Positional Operators Support (Epic)

amreo commented 4 years ago

I have a idea. Why don't define every function using a ForEach function?

func ForEach(doc interface{}, path string, arrayFilters map[string]interface{}, process func(*interface{}) (bool, error)) error

The idea is that when ForEach find recursively a value that match the path, it calls the function process passing the reference to the value. If the process function return true, the computation stop, otherwise continue.

Example

value = {
    "foo": [
        {"bar": 20, "baz": [100, -300, 400]},
        {"bar": 43, "baz": [-100, 300, -400]}
    ]
}

update = {
    "$inc": {
          "foo.$[ok].baz.$[positive]": 1,
     }
}

arrayFilter = {
    "ok": { "$gt": 30 },
    "positive": { "$gt": 0 }
}

Inc(value, path, arrayFilter) -->
      ForEach(value, path, arrayFilter, processor) -->
             ForEach([{"bar": 20, "baz": [100, -300, 400]},  {"bar": 43, "baz": [-100, 300, -400]}], "$[ok].baz.4[positive]", arrayFilter, processor) -->
                 //Don't match so ForEach({"bar": 20, "baz": [100, -300, 400]}, "baz.4[positive]", arrayFilter, processor) is not called-->
                 ForEach({"bar": 43, "baz": [-100, 300, -400]}, "baz.4[positive]", arrayFilter, processor) -->
                         ForEach([-100, 300, -400], "$[positive]", arrayFilter, processor) -->
                                 // -100 don't match with arrayFilter condition
                                 Process(&300) --> false
                                 // -400 don't match with arrayFilter condition

Example code (Get)

func Get(doc interface{}, path string, arrayFilters map[string]interface{}) interface{} {
    var foundValue interface{}
    ForEach(doc, path, arrayFilters, func(value *interface{}) (bool, error) {
        foundValue = *value
        return true, nil
    })

    return foundValue
}

Example code (Inc)

func Inc(doc interface{}, path string, arrayFilters map[string]interface{}, increment interface{}) interface{} {
    ForEach(doc, path, arrayFilters, func(value *interface{}) (bool, error) {
        var oldValue interface{} = *value
        //Switch algorithm...

        //Set the value
        *value = newValue
        return false, nil
    })
}

Example code (Unset)

func Unset(doc interface{}, path string, arrayFilters map[string]interface{}, increment interface{}) interface{} {
    ForEach(doc, partBeforeLastDot(path), arrayFilters, func(value *interface{}) (bool, error) {
        field := partAfterLastDot(path)
        //Handle case if field == '' OR isn't a field name (eg. $[], $[<field name>], <index>...)
        //Handle case if *value isn't a bson

        bson := *value.(bson.M) //Or bson.D
        for _, pair := bson {
            if pair.key == field {
                delete(bson, field)
            }
        } 
    })
}

Actual apply's or process's functions aren't correct because they makes assumptions that the path reference a single value instead multiple values that should be updated separately.

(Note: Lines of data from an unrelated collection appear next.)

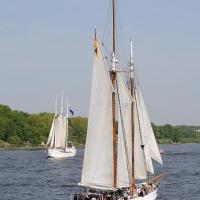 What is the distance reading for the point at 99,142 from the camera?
44.8m

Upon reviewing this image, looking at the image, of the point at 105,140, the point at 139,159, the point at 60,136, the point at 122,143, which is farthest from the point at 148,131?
the point at 60,136

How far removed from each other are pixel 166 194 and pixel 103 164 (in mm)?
27980

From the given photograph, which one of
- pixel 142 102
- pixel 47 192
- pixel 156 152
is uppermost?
pixel 142 102

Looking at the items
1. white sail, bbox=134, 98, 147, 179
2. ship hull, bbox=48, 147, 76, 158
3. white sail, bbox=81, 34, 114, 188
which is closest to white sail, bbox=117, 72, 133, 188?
white sail, bbox=81, 34, 114, 188

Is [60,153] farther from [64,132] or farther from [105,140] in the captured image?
[105,140]

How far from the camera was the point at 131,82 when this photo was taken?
6097 centimetres

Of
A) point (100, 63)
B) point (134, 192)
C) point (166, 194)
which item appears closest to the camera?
point (100, 63)

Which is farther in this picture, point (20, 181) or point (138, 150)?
point (20, 181)

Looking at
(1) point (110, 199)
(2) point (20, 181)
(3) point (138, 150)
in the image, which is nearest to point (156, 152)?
(3) point (138, 150)

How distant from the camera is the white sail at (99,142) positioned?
4441 centimetres

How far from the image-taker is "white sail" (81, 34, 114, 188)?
4441cm

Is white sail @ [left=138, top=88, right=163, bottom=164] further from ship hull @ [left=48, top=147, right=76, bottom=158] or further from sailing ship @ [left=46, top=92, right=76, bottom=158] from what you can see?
sailing ship @ [left=46, top=92, right=76, bottom=158]

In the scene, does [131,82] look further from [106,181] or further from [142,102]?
[106,181]

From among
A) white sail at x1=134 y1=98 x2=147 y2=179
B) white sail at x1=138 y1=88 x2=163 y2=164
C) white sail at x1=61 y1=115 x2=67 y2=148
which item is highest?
white sail at x1=61 y1=115 x2=67 y2=148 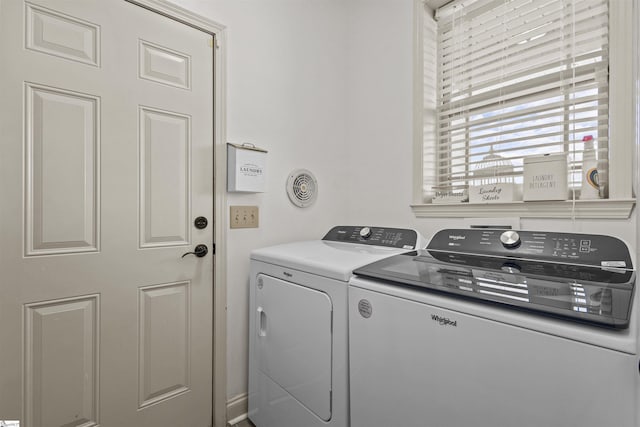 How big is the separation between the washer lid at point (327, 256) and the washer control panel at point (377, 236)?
0.17 ft

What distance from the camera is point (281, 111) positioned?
6.23 feet

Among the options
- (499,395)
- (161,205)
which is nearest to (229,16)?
(161,205)

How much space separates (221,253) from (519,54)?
6.32ft

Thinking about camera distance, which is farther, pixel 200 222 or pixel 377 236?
pixel 377 236

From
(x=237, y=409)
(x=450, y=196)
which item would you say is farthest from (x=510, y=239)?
(x=237, y=409)

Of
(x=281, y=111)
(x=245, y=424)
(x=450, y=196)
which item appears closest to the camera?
(x=245, y=424)

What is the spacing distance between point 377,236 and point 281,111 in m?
1.00

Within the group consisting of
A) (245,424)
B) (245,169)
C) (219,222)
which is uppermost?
(245,169)

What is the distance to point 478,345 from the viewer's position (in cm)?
77

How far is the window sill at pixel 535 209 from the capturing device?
1227mm

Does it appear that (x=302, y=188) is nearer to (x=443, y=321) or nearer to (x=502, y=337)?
(x=443, y=321)

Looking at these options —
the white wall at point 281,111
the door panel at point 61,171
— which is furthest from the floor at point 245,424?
the door panel at point 61,171

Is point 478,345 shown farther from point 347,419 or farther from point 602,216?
point 602,216

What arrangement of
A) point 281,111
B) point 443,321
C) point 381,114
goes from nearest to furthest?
point 443,321
point 281,111
point 381,114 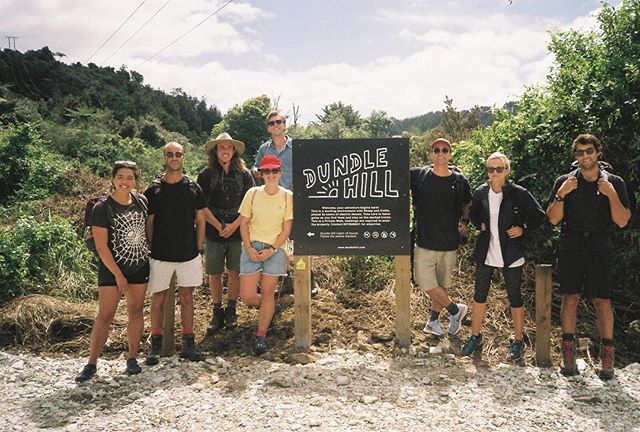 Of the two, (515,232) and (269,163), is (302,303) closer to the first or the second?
(269,163)

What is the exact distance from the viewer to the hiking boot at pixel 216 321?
228 inches

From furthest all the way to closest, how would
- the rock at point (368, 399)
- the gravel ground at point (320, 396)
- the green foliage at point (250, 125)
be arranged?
the green foliage at point (250, 125)
the rock at point (368, 399)
the gravel ground at point (320, 396)

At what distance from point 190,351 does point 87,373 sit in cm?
92

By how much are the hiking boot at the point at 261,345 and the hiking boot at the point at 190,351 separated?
0.54 metres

256dpi commented 4 years ago

I like the direction of the idea. However, if possible I would like to hide the complexity from the accessor functions (Get, Put, ...). While the ForEach wrapper does not pollute the functions too much, specifying arrayFilters on most calls as nil except in the update operators is quite awful.

What about we resolve the dynamic keys which include positional operators and rewrite the update document to only include static keys? That way we would not need to change the accessor functions and can conveniently pre-process the update document in Apply if arrayFilters has been specified.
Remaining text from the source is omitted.